Piezoelectric materials, such as crystals, ceramics, formulations of lead, magnesium, and niobate (PMN), formulations of lead, zirconate, and titanate (PZT), or the like, produce a stress and/or strain when an electric field is applied thereto. As such, piezoelectric materials are often used as actuators for imparting forces to materials or objects that they are in contact with. For example, piezoelectric materials are often used to impart forces to deflect materials they are in contact with.
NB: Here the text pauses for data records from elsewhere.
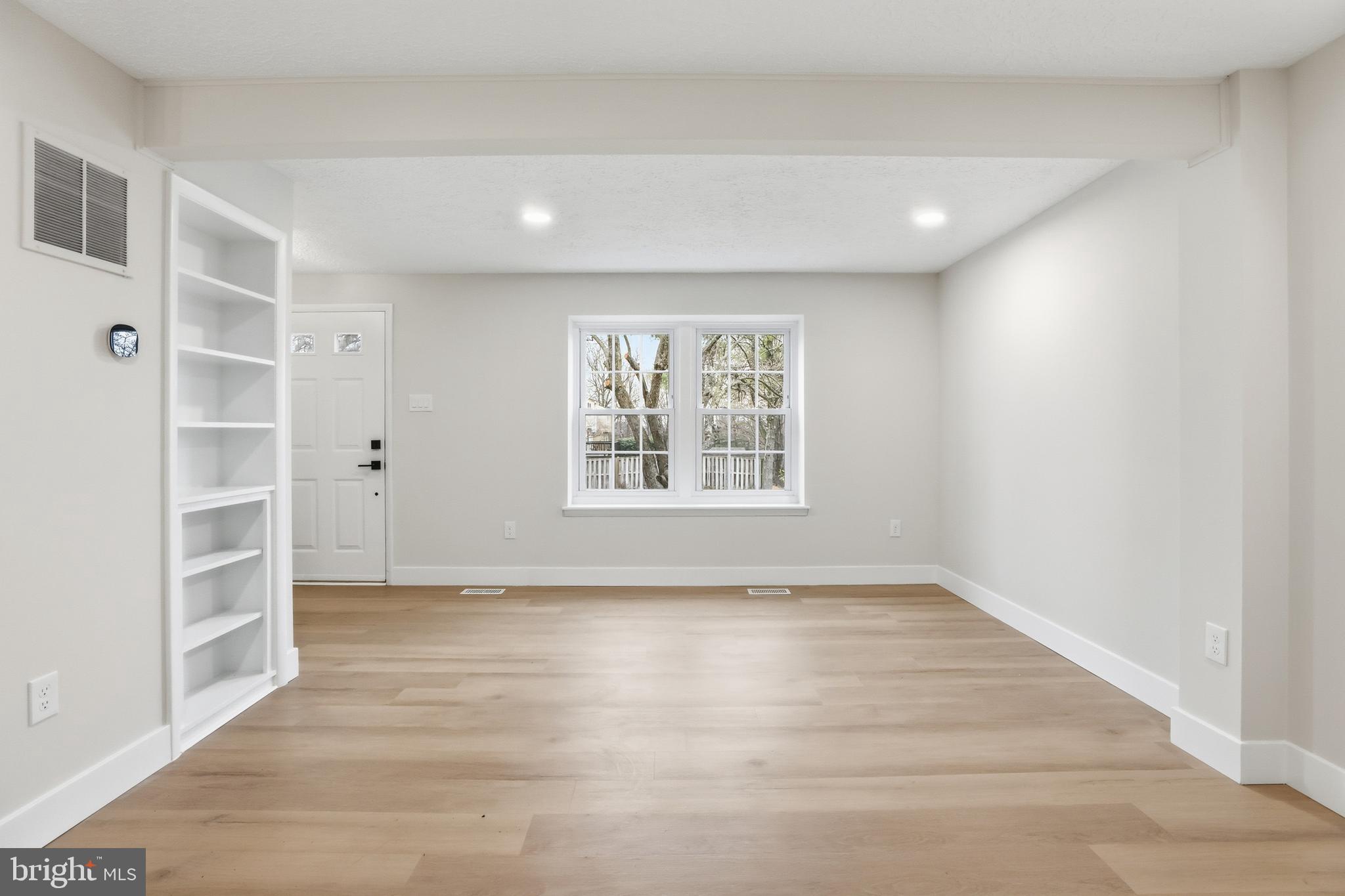 DAMASCUS MANOR - Residential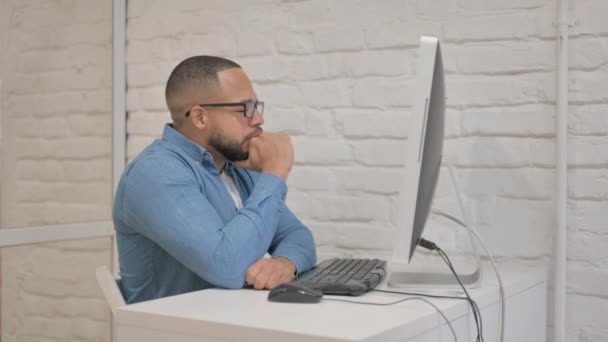 Σκέψη Pensive Mixed Race Man Ενώ Εργάζονται Στον Υπολογιστή — Αρχείο Βίντεο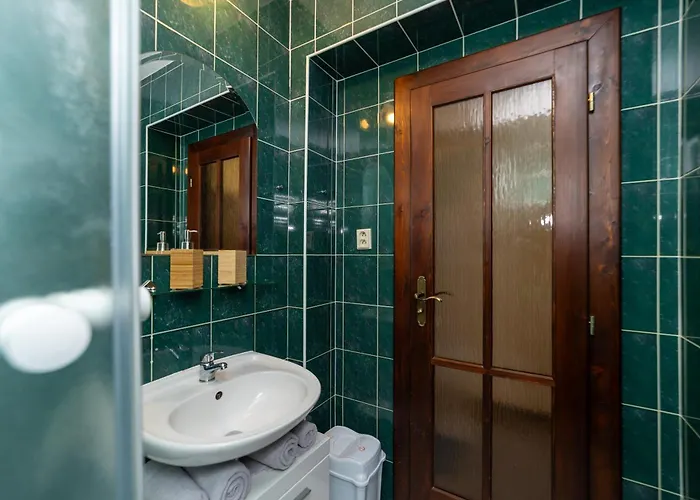 Plums Restaurant & Pension Gasthuis 3*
In one example, one or more piezoelectric actuators may form part of a fluid-ejection device, such as a print-head. For this implementation, piezoelectric actuators are formed overlying a deflectable-layer, e.g., a conductive layer, such as a ground layer, overlying a glass-layer. The deflectable-layer is formed overlying a semiconductor substrate, e.g., of silicon, having channels, such as ink-delivery channels, formed therein such that a piezoelectric actuator corresponds to each channel. During operation, a selected actuator imparts a force to the deflectable-layer in response to an electric field being applied to the actuator. The force imparted to the deflectable-layer deflects the deflectable-layer, causing a drop of fluid, such as ink, to be ejected from the channel corresponding to the selected actuator.
In conventional fabrication methods, the piezoelectric actuators are typically formed by using an adhesive to bond a layer of piezoelectric material to the deflectable-layer. The layer of piezoelectric material is then cut into segments, e.g., using a saw or other similar mechanical cutting tool, so that each segment forms a piezoelectric actuator. To avoid destroying the deflectable-layer by contacting the deflectable-layer with the saw, the depth of each saw cut extends to within a certain distance, e.g., about 5 to about 15 microns, from the deflectable-layer. However, this can leave piezoelectric material and adhesive at the end of each saw cut that extends between neighboring actuators.
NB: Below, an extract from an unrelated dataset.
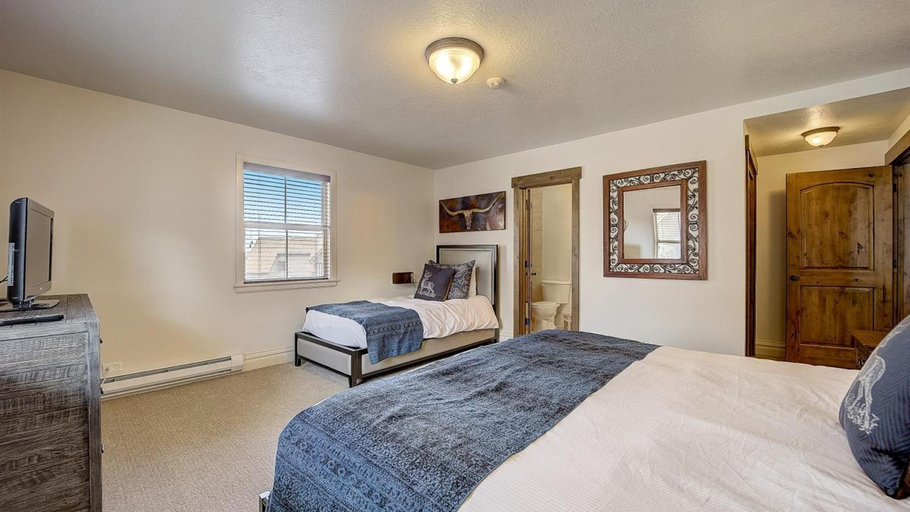 Others 4, Resort Plaza 5012 by AvantStay, Summit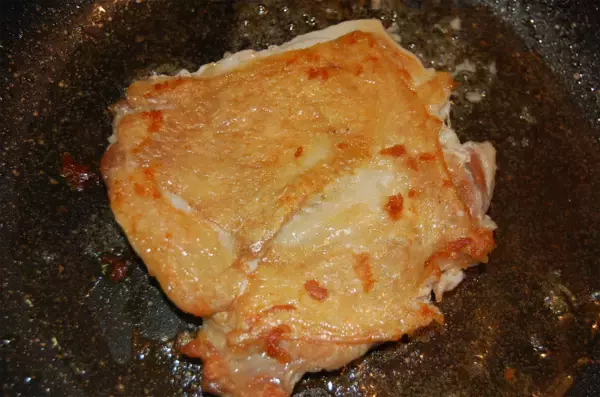 「【芸能人の自宅めし】料理がプロ級な梅沢富美男さんの「パリパリチキン」作ってみた！きのこソースが絶品」の画像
The piezoelectric material that extends between neighboring actuators can produce cross-talk between the neighboring actuators. For example, when an electric field is applied to one of the actuators, the neighboring actuators may also respond. This can adversely affect the timing and the impact velocity of the ejected drops, which can adversely affect print quality.
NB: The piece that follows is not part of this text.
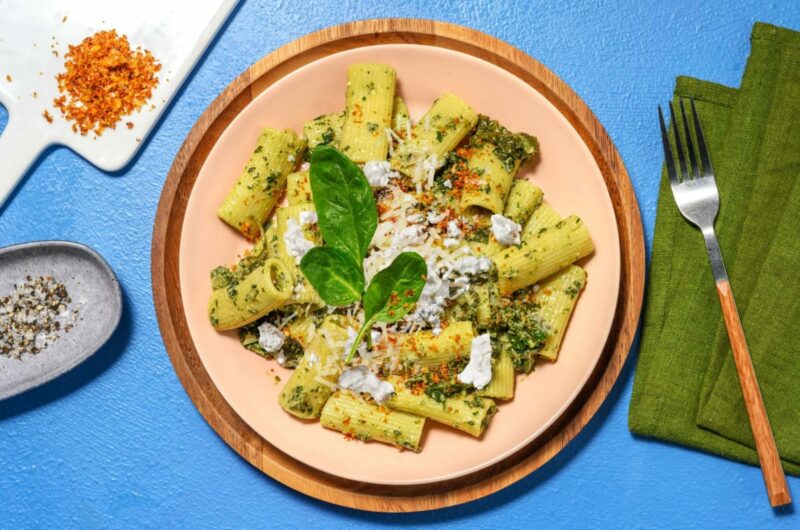 Rigatoni, pesto de chou kale et pecorino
Another problem associated with leaving piezoelectric material and adhesive at the end of each saw cut is that the piezoelectric material and adhesive acts to reduce the compliance of the deflectable-layer. Therefore, the electric field applied to the actuators may need to be increased to properly deflect the deflectable-layer. However, increased electric fields act to increase degradation of piezoelectric materials and thus acts to reduce the life of the actuators.